[[ Data extract, beginning ]]

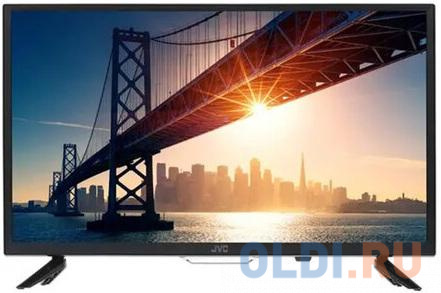 

Телевизор JVC LT-24M590 24" LED HD Ready, Черный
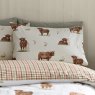 Catherine Lansfield Catherine Lansfield Angus Highland Cow Duvet Cover Set
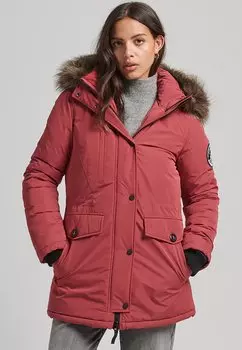 Зимнее пальто Superdry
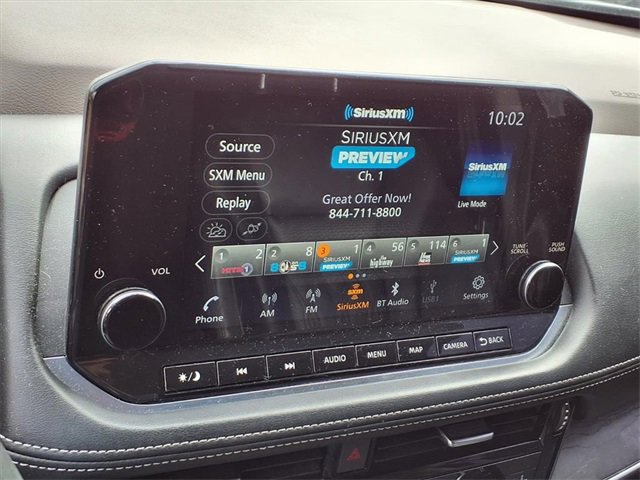 Certified 2023 Nissan Rogue Platinum w/ Platinum Premium Package image 5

[[ Data extract, end ]]

What the task requires: Your answer should set down the listing verbatim and leave out its images.

Result of the exercise:
Телевизор JVC LT-24M590 24" LED HD Ready, Черный
 Catherine Lansfield Catherine Lansfield Angus Highland Cow Duvet Cover Set
 Зимнее пальто Superdry
 Certified 2023 Nissan Rogue Platinum w/ Platinum Premium Package image 5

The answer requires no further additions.